(Stored data entries)
◇ ◇ ◇

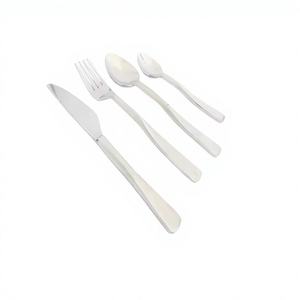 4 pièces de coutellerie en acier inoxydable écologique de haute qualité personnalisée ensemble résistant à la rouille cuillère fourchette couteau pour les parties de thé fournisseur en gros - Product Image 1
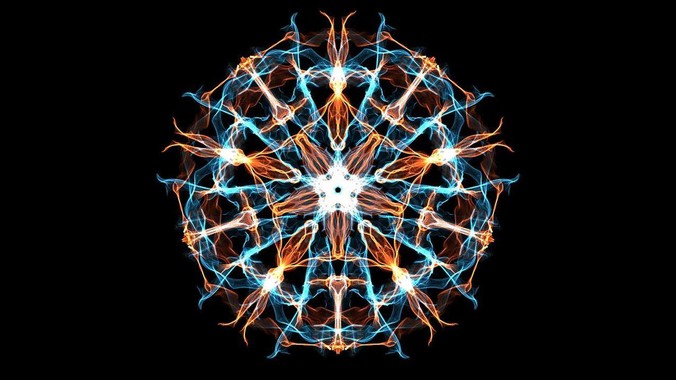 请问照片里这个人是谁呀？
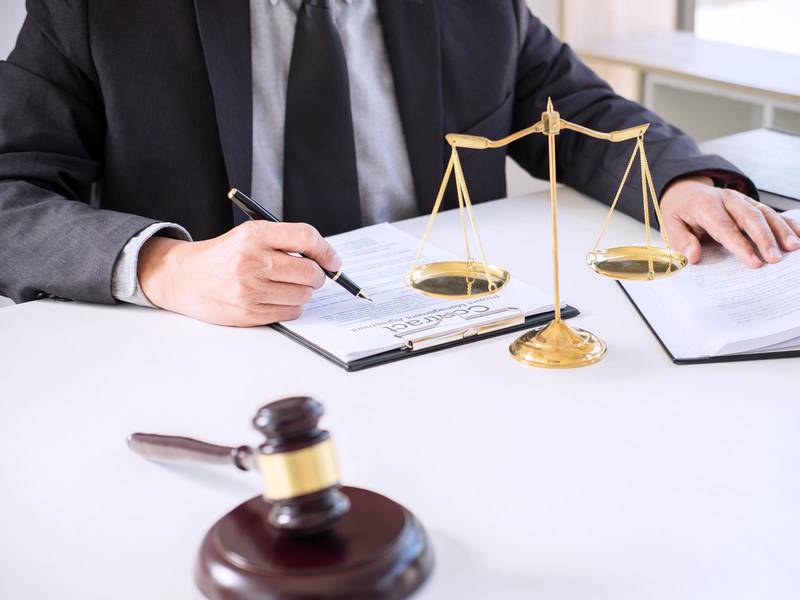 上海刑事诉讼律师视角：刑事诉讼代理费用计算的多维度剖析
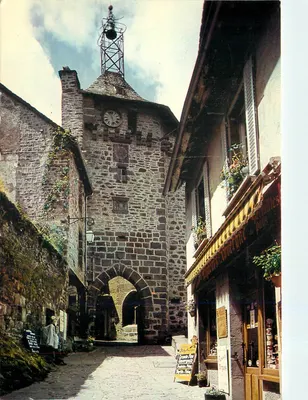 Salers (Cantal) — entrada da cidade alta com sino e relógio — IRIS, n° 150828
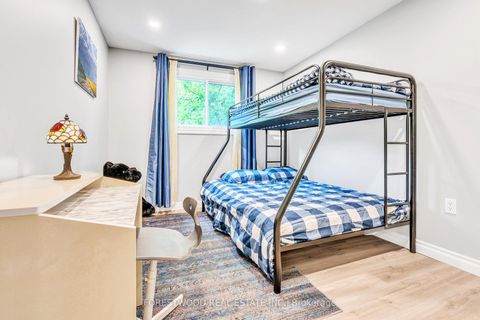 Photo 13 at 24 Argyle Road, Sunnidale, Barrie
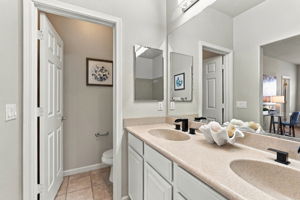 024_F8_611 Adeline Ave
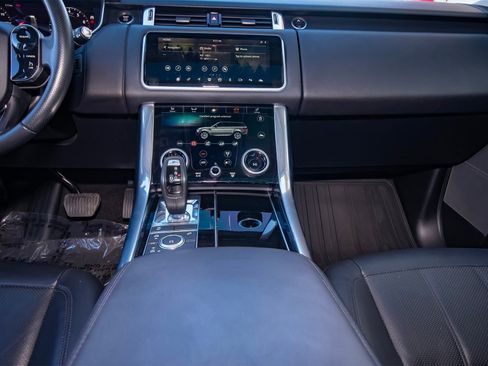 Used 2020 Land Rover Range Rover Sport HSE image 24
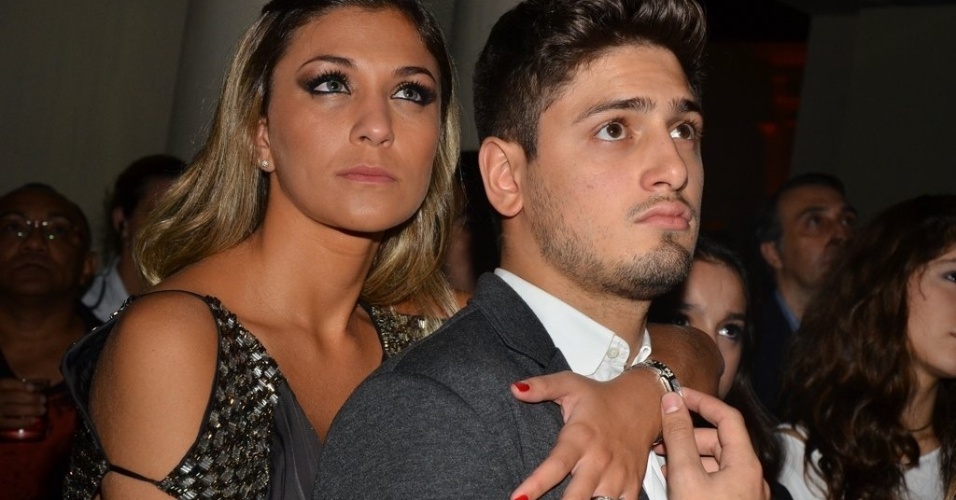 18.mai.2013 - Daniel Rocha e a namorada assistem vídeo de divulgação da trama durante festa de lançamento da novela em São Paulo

◇ ◇ ◇

Retype every entry exactly as written. Leave the pictures out.

• Solution for this exercise:
 4 pièces de coutellerie en acier inoxydable écologique de haute qualité personnalisée ensemble résistant à la rouille cuillère fourchette couteau pour les parties de thé fournisseur en gros - Product Image 1
 请问照片里这个人是谁呀？
 上海刑事诉讼律师视角：刑事诉讼代理费用计算的多维度剖析
 Salers (Cantal) — entrada da cidade alta com sino e relógio — IRIS, n° 150828
 Photo 13 at 24 Argyle Road, Sunnidale, Barrie
 024_F8_611 Adeline Ave
 Used 2020 Land Rover Range Rover Sport HSE image 24
 18.mai.2013 - Daniel Rocha e a namorada assistem vídeo de divulgação da trama durante festa de lançamento da novela em São Paulo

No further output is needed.